"Key Largo" is a popular song recorded by Bertie Higgins in 1981. Released as a single in September of that year, it became, in early 1982, Higgins' only Top 40 hit in the United States; it peaked at #8 on the Billboard Hot 100 chart. The track spent 17 weeks in the Top 40 and was certified Gold by the RIAA. In addition, "Key Largo" topped the adult contemporary chart for two weeks. In the United Kingdom, it reached #60 on the UK Singles Chart.

Background and content
The song's lyrics plead with a lover to reconsider ending a romance the singer compares to that depicted by Humphrey Bogart and Lauren Bacall, the stars of the 1948 namesake film.

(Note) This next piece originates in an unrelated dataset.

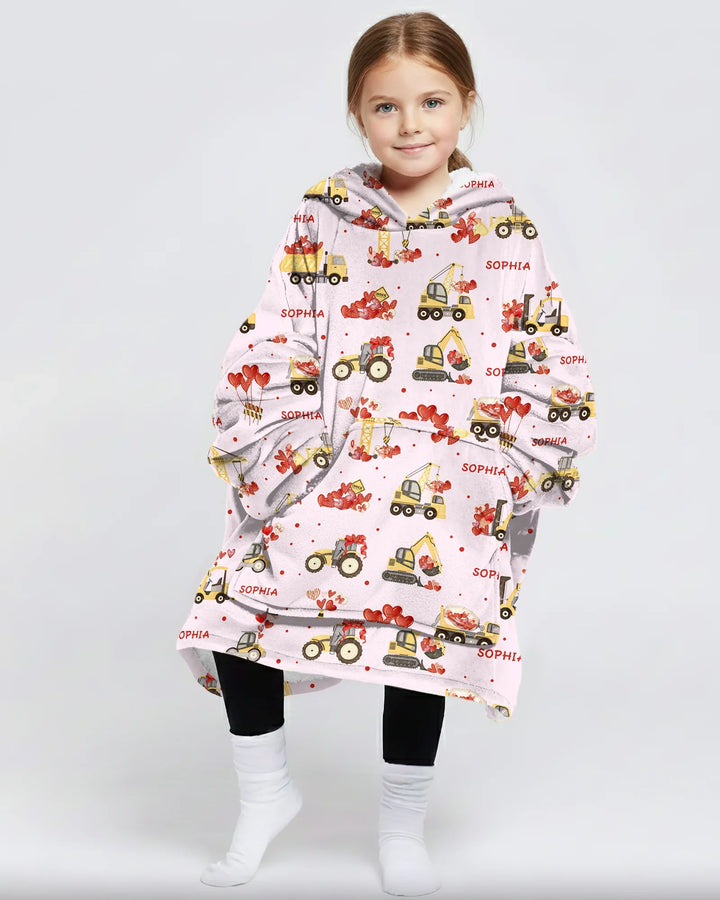 Custom Name Valentine Trucks Family Matching Bamboo Blanket Hoodie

The glamorous couple is recalled in the lyric We had it all / Just like Bogie and Bacall / Starring in our own late late show / Sailin' away to Key Largo. 
The lyrics also draw from the film Casablanca, in the lines "Here's looking at you, kid" and "Please say you will / Play it again". The song "Key Largo" was included on Higgins' album Just Another Day in Paradise.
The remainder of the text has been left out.